The Indian crew of the Malaviya Seven offshore supply vessel have been stuck in the north-east ever since the boat was detained in June last year, when a routine inspection discovered the seafarers had not been paid.
And, after more than a year, the crew are still trapped in Aberdeen, unable to go home lest they forfeit the accumulated wages they are owed by the ship’s owners GOL Offshore.
The High Court in Bombay ordered an official liquidator be appointed to the company on May 5, and the equity shares of GOL offshore were suspended from trading from July 19.
The 12 men who are still living on the ship have been able to continue their battle and stay in Aberdeen thanks to the support of local volunteer groups and the Apostleship of the Sea.

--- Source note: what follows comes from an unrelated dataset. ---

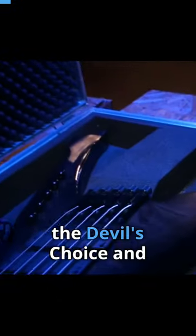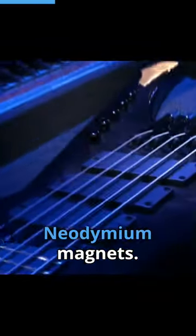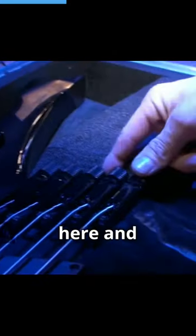This is the Devil's Choice, and this is a custom trap jaw made just for me. This thing's got the neodymium magnets. All my tuning is done up here, and everything you just lock in and snip up here.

However, many of the crew are sole breadwinners for their families, and back home in Mumbai, their wives, daughters and sons have been struggling to get by – with some being forced to take out expensive loans or sell heirloom jewellery just to make ends meet.
Last night, Ashish Prabhakar, one of the ship’s captains, said the news of GOL Offshore’s liquidation had sunk the hopes of his crew.

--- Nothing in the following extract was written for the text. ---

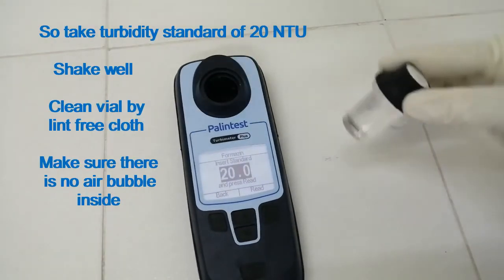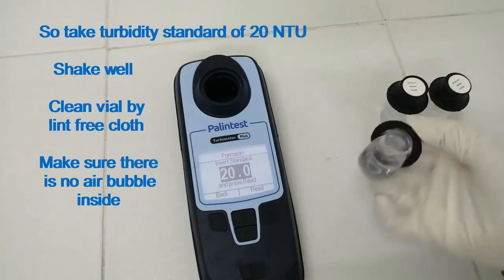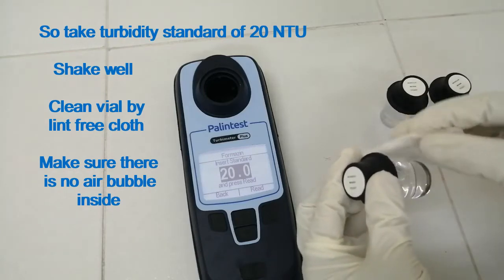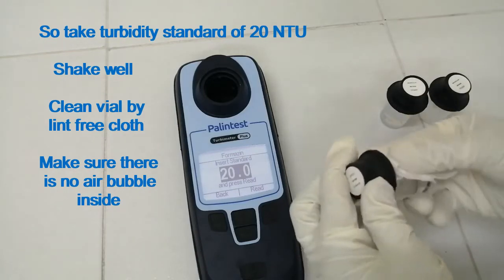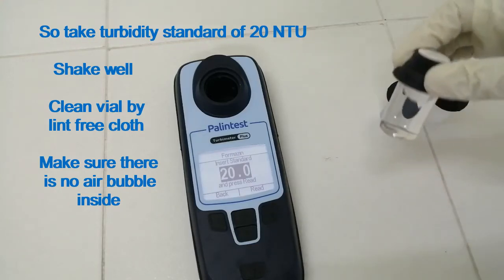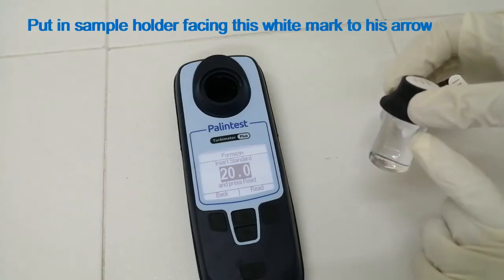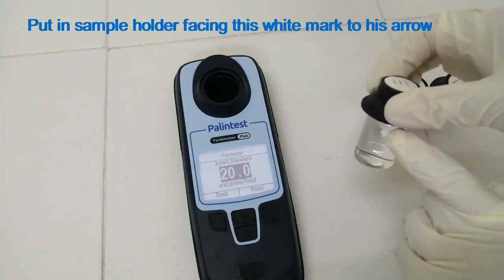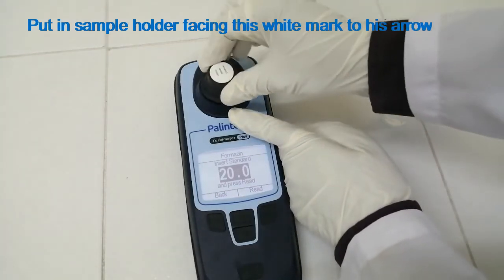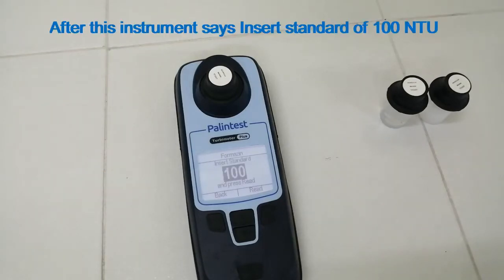The instrument then says: insert turbidity standard of 20 NTU. Take the turbidity standard of 20 NTU and shake well. Make sure there is no air bubble inside the vial. Put it in the sample holder facing the white mark to the arrow. Now press Read from the keypad. After this, the instrument says: insert standard of 100 NTU.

He said: “If the company was not going under, but the ship was still detained, maybe we would have had a speedier resolution to this.

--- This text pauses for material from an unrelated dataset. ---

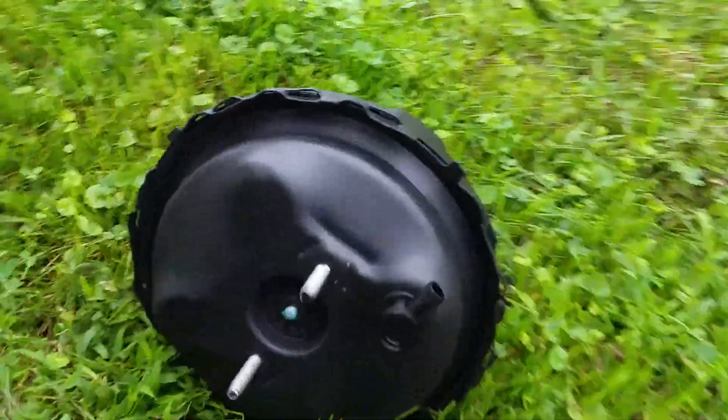This is what you're going to have to replace — the brake booster. I already have a new one right here. I got it off Rock Auto.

“It has made the situation a lot more complicated and the company going under has created a lot more problems.
“It is under the appointed, official liquidator now. We have tried to make contact with them, but we have not been able to get in touch, which has been very frustrating.
“There has been no clarity from the company’s side either, we have been left in the dark.
“The uncertainty is the worst. We are away from home, we don’t know what to be paid and, on top of that, the company is in liquidation.
“We don’t know what the future is going to be.”
GOL Offshore’s liquidator and representatives for the company could not be reached for comment yesterday.